■ TASK DIRECTIONS:
In the entries that follow, find the line containing "Mushroom Plush Toy"; from there, copy every line exactly through the line containing "Lezoux Street Map".

*** GIVEN DATA Section Begins ***

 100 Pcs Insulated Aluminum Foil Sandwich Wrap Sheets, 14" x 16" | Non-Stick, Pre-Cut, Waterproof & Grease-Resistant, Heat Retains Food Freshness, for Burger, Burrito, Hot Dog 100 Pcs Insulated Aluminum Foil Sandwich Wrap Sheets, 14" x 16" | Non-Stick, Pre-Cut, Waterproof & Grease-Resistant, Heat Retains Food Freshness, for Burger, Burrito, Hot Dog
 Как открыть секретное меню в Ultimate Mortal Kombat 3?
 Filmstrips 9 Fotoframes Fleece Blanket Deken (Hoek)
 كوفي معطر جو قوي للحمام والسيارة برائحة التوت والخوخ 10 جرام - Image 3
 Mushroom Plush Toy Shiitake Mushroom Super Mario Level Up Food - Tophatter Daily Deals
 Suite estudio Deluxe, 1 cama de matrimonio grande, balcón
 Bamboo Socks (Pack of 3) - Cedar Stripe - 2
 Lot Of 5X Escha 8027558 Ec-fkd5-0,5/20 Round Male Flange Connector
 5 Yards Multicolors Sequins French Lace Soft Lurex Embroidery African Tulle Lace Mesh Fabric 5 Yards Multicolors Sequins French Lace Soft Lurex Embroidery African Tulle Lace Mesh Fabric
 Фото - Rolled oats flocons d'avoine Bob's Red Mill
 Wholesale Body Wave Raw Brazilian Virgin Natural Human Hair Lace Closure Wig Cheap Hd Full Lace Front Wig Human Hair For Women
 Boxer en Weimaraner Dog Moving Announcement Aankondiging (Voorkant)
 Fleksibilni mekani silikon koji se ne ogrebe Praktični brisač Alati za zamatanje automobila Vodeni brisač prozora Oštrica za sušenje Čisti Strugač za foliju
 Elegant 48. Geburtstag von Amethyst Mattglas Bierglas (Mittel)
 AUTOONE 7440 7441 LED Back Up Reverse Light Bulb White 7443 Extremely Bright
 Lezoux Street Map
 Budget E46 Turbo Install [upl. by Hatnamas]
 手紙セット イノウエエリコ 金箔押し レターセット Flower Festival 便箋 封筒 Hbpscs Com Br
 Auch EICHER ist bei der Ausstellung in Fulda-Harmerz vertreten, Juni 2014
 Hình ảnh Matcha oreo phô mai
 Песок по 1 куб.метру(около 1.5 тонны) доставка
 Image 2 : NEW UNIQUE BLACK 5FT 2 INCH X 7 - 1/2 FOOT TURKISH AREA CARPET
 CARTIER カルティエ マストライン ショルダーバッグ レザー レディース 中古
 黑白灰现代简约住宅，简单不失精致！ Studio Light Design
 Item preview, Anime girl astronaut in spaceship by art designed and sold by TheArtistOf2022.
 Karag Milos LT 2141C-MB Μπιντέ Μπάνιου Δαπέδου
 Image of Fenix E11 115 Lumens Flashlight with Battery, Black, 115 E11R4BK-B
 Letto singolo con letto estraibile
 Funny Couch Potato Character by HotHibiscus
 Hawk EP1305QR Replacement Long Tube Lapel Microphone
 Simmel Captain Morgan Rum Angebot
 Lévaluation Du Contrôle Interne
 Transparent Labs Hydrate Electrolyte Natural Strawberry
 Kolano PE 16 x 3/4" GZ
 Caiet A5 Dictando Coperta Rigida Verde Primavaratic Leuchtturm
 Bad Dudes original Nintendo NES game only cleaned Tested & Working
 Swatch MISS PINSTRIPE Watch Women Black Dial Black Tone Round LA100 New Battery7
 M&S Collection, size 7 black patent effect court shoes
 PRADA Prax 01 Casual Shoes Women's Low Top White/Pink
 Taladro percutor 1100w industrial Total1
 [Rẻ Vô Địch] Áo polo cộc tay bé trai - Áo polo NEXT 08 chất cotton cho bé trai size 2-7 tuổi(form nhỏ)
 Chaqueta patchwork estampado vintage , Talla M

*** GIVEN DATA Section Ends ***

■ SOLUTION:
 Mushroom Plush Toy Shiitake Mushroom Super Mario Level Up Food - Tophatter Daily Deals
 Suite estudio Deluxe, 1 cama de matrimonio grande, balcón
 Bamboo Socks (Pack of 3) - Cedar Stripe - 2
 Lot Of 5X Escha 8027558 Ec-fkd5-0,5/20 Round Male Flange Connector
 5 Yards Multicolors Sequins French Lace Soft Lurex Embroidery African Tulle Lace Mesh Fabric 5 Yards Multicolors Sequins French Lace Soft Lurex Embroidery African Tulle Lace Mesh Fabric
 Фото - Rolled oats flocons d'avoine Bob's Red Mill
 Wholesale Body Wave Raw Brazilian Virgin Natural Human Hair Lace Closure Wig Cheap Hd Full Lace Front Wig Human Hair For Women
 Boxer en Weimaraner Dog Moving Announcement Aankondiging (Voorkant)
 Fleksibilni mekani silikon koji se ne ogrebe Praktični brisač Alati za zamatanje automobila Vodeni brisač prozora Oštrica za sušenje Čisti Strugač za foliju
 Elegant 48. Geburtstag von Amethyst Mattglas Bierglas (Mittel)
 AUTOONE 7440 7441 LED Back Up Reverse Light Bulb White 7443 Extremely Bright
 Lezoux Street Map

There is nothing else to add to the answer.